Barely three months on the job, freshman Rep. Michael Grimm is making a name for himself.
The New York Republican this week took on conservative opponents of a second short-term continuing resolution to keep the government operating for an additional three weeks. Grimm blasted tea party activists and the “extreme wing of the Republican Party” for opposing the measure, which passed the House Tuesday. In a brief interview Tuesday, Grimm made no apologies.
“Almost across the board it was, ‘Thank you, I feel the same way,’” Grimm said. “There are some groups out there that are trying to paint a picture that we’re not what we said we were going to be because we voted for a [bill to cut] $100 billion and for some people that wasn’t enough. That to me was completely irrational.”
The House approved the three-week CR, 271-158, on Tuesday afternoon. It is the second short-term CR that the House has taken up in recent weeks as Members try to negotiate a long-term budget deal.
Grimm said he would not vote for a third short-term spending bill but wanted to give leaders a little more time to cut a deal to fund the government through Sept. 30. Grimm acknowledged that some of his constituents and conservative House colleagues weren’t happy with his criticism, believing the party should stand firm in making bigger federal spending cuts. Grimm shrugged off the criticism, saying, “I’m showing leadership here and I’m stepping up and making some bold statements, but that’s because of what I truly believe.”
One Republican consultant close to Grimm said he was not surprised by the New York Republican’s tough statement Monday: “This is a guy who felt the call to service a long time ago. He didn’t just join the movement.”
Several of the Republican defectors from Tuesday’s CR vote said they couldn’t have been swayed to support it.
“This is not the second CR. It is for freshmen, but [for everyone else] this is the sixth CR in this fiscal year,” freshman Rep. Steve Southerland (R-Fla.) said. “How many of us would have voted for the two-week [CR] knowing that in two weeks we’d be right back here? The answer is no.”

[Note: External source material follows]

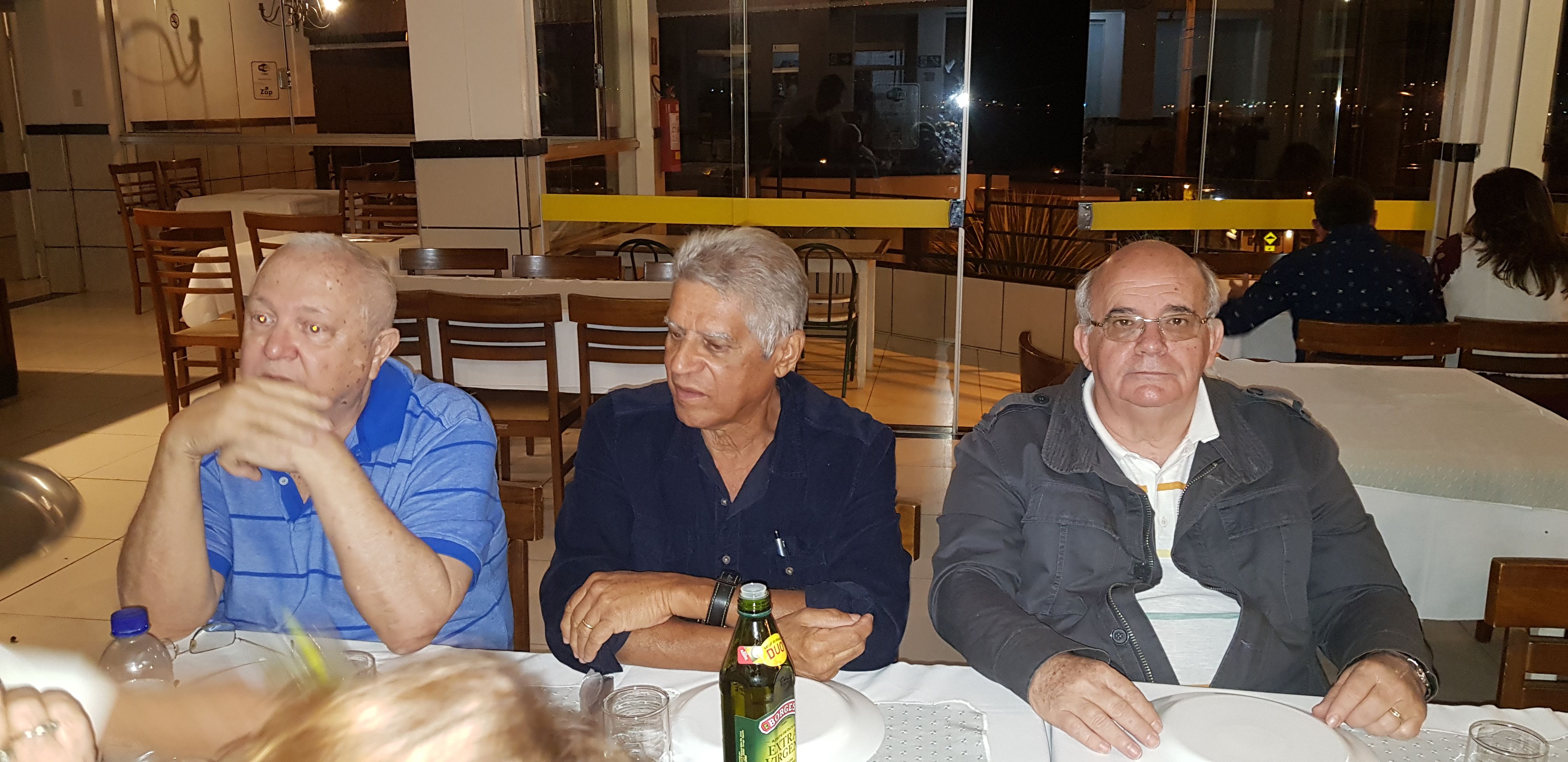 foto_26.jpg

For some, Grimm’s support highlighted that the 87-Member freshman class is not of one mind. Majority Whip Kevin McCarthy (R-Calif.) gave Grimm a shout-out during a radio interview in California, saying his New York colleague has “already [been] very ‘big show’ on the floor fighting for economic growth in order to spur job creation.”
Grimm’s posture is slightly different than that of the campaign trail, when he courted conservatives on Staten Island to oust Rep. Michael McMahon (D), who even local Republicans acknowledged was formidable. Leading up to the November elections, Grimm talked tough about making spending cuts and defending the Constitution. He won the 13th district 51 percent to 48 percent.
Democrats said that despite Grimm’s defense of the three-week CR, he is still a loyal ally of his Conference. One aide noted that during debate over the long-term CR last month — which called for $61 billion in spending reductions — Grimm largely sat on the sidelines while his home-state colleague, Rep. Peter King (R), spoke out forcefully against the cuts to port and transit security.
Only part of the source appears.